Nicolaus Copernicus’s book, published shortly after the author’s death in 1543, offered scholars a new vision of the cosmos. Making the Sun rather than the Earth the centre of the universe offered a solution to many puzzling observations of the planets, although it would be many years before the controversial theory was widely accepted. This is a first edition of the book, one of only about 260 that survive.
Ptolemaic armillary sphere, 1500–99

This model depicts Ptolemy’s Earth-centred cosmos. The bands illustrate the motion of the Sun, Moon and stars. Armillary spheres were used in medieval times to teach priests how to calculate the hours of prayer at sunrise and sunset. Portraits of noblemen often included an armillary sphere to suggest wisdom and learning. More recently, novelist Umberto Eco chose the armillary sphere as a gruesome murder weapon in his 1983 book The Name of the Rose.
Copernican armillary sphere, 1807-46

With the Sun at the centre, this model demonstrates Nicolaus Copernicus’s vision of the cosmos.

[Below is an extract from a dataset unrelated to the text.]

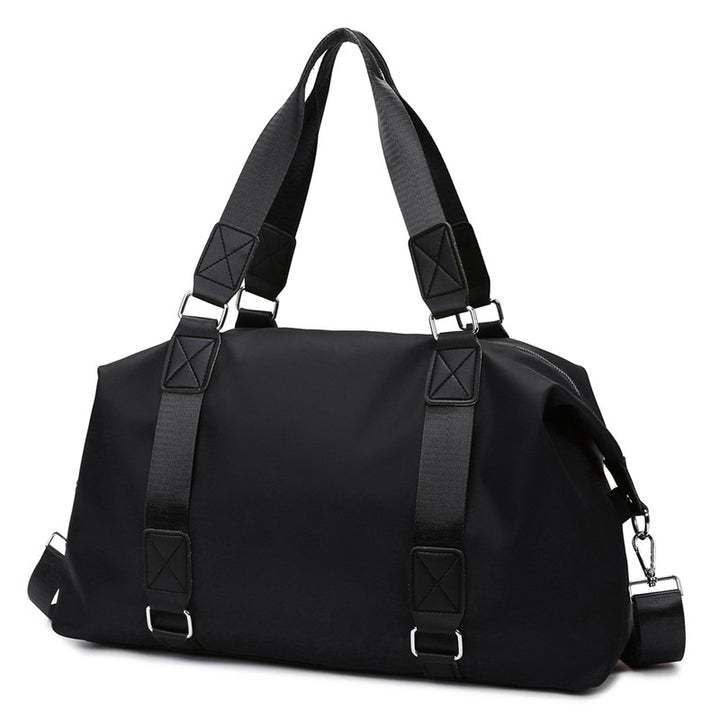 Sports bag with ergonomic carrying handles and versatile interior Bowlift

The central band shows the Sun’s apparent annual path through the zodiac, while the crossed bands mark the seasons. Copernican theory was firmly established by the time this model was made in the early 1800s. It includes recent discoveries such as the asteroids Ceres and Vesta. The model may have been used as a teaching aid or decorative item for a wealthy customer.
1:24 scale model of the zodiacal dials (Rashivalaya Yantra) at the Jaipur Observatory, India, 1884–86

The giant stone observatory at Jaipur was built for accuracy, to help improve the calendar. In 18th-century India people used a combination of the lunar-based Muslim and the solar-based Hindu systems. Both relied on observations made centuries earlier, so became increasingly unreliable. Jaipur’s ruler, Jai Singh II, commissioned the new observatory. This model shows one instrument called the Rashivalaya Yantra, with sundials to track the Sun through each zodiac sign.
Islamic horary quadrant, 1700-99

Horary quadrants determine the time from the altitude of the Sun. This Islamic instrument may have been used to calculate prayer times. Highly portable, it can be used from any location on Earth. The lines on the front represent the motion of the Sun across the sky.
Electrotype replica of a 16th-century mariner’s astrolabe, 1580-88

In the 1500s sailors needed to measure the angle of the Sun or the Pole Star above the horizon to help determine their latitude – not an easy thing to do on a pitching deck. The mariner’s astrolabe has cut-out sections to prevent buffeting from the wind and a heavy brass ring to keep it steady. This replica is based on an original thought to have been on board a ship in the Spanish Armada of 1588.
Lunar longitude calculator, 1880-85

This graph enabled sailors in the 1800s to calculate their longitude. First they would measure the angle between the Moon and prominent stars using a sextant. They then needed to do several calculations to work out their longitude – this graph helped to speed up the job. But it was still quite a laborious procedure, so when reliable chronometers were invented they soon became the preferred method of working out longitude.
Sextant, 1770-80

Until satellite navigation became widespread, this type of instrument was a vital tool for sailors and aviators. It is called a sextant because the metal arc is one-sixth of a circle. Looking through the coloured glass filters, an observer could measure the altitude of bright objects such as the Sun or Moon without risking eye damage. Captain Cook used a sextant similar to this one to navigate around the Pacific islands in the 1770s.